# Exercise Image-Text

In [None]:
from pathlib import Path
import paths
from datasets import VOCDataset

In [None]:
# 1. Image Captioning
# Your first task will be to complete the inference code to generate captions for the given VOC dataset.
from eval_captioning import extract_evaluate_write_captions

In [None]:
# 1.1 Complete Caption Generation with Greedy Search

# TODO: In file models/blip/blip_caption.py complete the methods generate and greedy_search. 
#       Generate and evaluate captions for the VOC dataset. You should get about 28% BLEU score. (2 points)

extract_evaluate_write_captions(use_topk_sampling=False, temperature=1.0)

In [None]:
voc_path = Path(paths.CV_PATH_VOC)
dataset = VOCDataset(voc_path, voc_path / "ImageSets" / "Segmentation" / "val.txt",
                     load_captions=True)

# load and show generated captions
# todo update the path to match your experiment
pred_captions_file = "outputs/eval_captioning/2024_06_04_11_49_15/pred_captions.txt"
with open(pred_captions_file, "r", encoding="utf-8") as f:
    pred_captions = f.readlines()
    
from PIL import Image
for i in range(10):
    data = dataset[i]
    display(data["image"])
    print(f"Pred caption: {pred_captions[i]}")
    print(f"Reference caption: {data['caption']}")

In [None]:
# 1.2 Complete Caption Generation with Sampling
# TODO: In file models/blip/blip_caption.py complete the method sampling. 
#       There, Top-K sampling instead of greedy search is used to select the next token when decoding. 
#       Evaluate again with Top-K sampling.
#       You should get a lower BLEU score of about 7% for temperature τ = 1.0, and about 12% for τ = 0.7. 
#       Why do the results improve with lower temperature? (1 point)
extract_evaluate_write_captions(use_topk_sampling=True, topk=50, temperature=1.0)

In [None]:
extract_evaluate_write_captions(use_topk_sampling=True, topk=50, temperature=0.7)

In [None]:
# 1.3 Prompt Engineering
# TODO: Experiment with different prompts (the default prompt is “a picture of ”). 
#       Can you improve the BLEU score?
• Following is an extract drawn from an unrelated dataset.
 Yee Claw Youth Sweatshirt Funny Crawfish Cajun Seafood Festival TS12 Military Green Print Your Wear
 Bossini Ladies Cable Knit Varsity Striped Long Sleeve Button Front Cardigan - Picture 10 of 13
Try at least 3 new settings.
#       Note the prompt and the resulting BLEU score in a table for each setting. 
#       Add the table to your report. (1 point)
extract_evaluate_write_captions(use_topk_sampling=True, topk=50, temperature=0.7, prompt="a picture of ")

In [None]:
extract_evaluate_write_captions(use_topk_sampling=True, topk=50, temperature=0.7, prompt="an image of ")

In [None]:
extract_evaluate_write_captions(use_topk_sampling=True, topk=50, temperature=0.7, prompt="a depiction of ")

In [None]:
extract_evaluate_write_captions(use_topk_sampling=True, topk=50, temperature=0.7, prompt="a figure of ")

In [None]:
# 1.4 Student Hyperparameter Search
# TODO: Experiment with different decoding parameters. (Top-K with different K and temperature or greedy decoding). 
#       Can you improve the BLEU score? Try at least 3 new settings.
#       Note the hyperparameters, the prompt and the resulting BLEU score in a table for each setting.
#       Add the table to your report. (1 point)
extract_evaluate_write_captions(use_topk_sampling=True, topk=50, temperature=0.7, prompt="a picture of ")

In [None]:
extract_evaluate_write_captions(use_topk_sampling=True, topk=100, temperature=0.5, prompt="an image of ")

In [None]:
extract_evaluate_write_captions(use_topk_sampling=True, topk=25, temperature=0.3, prompt="a depiction of ")

In [None]:
extract_evaluate_write_captions(use_topk_sampling=True, topk=10, temperature=1.0, prompt="a figure of ")

In [None]:
extract_evaluate_write_captions(use_topk_sampling=True, topk=75, temperature=1.0, prompt="a figure of ")

In [None]:
extract_evaluate_write_captions(use_topk_sampling=True, topk=100, temperature=0.3, prompt="an image of ")

In [None]:
# 2. Image-Text Retrieval
# Your second task will be to train and evaluate the retrieval head of the BLIP model.
import torch
torch.cuda.empty_cache()

In [None]:
# 2.1 Complete Forward Pass and Evaluate
#     Todo: Complete the forward pass in file models/blip/blip_retrieval.py. 
#           Evaluate your implementation with the provided checkpoint. 
#           You should get about 54% image-to-text R@1. (2 points)
from eval_retrieval import eval_without_args    
eval_without_args()

In [None]:
# 2.2 Complete Loss and Train from Scratch
# Todo: Complete the loss computation in file train_retrieval.py function train_epoch. 
#       Train the retrieval projection layers from scratch (i.e. from random initialization).
#       You should get about 43% image-to-text R@1. (1 point)
from train_retrieval import train_retrieval_without_args
train_retrieval_without_args(finetune=False, learning_rate=1e-3, weight_decay=1e-3, epochs=5, temperature=0.1)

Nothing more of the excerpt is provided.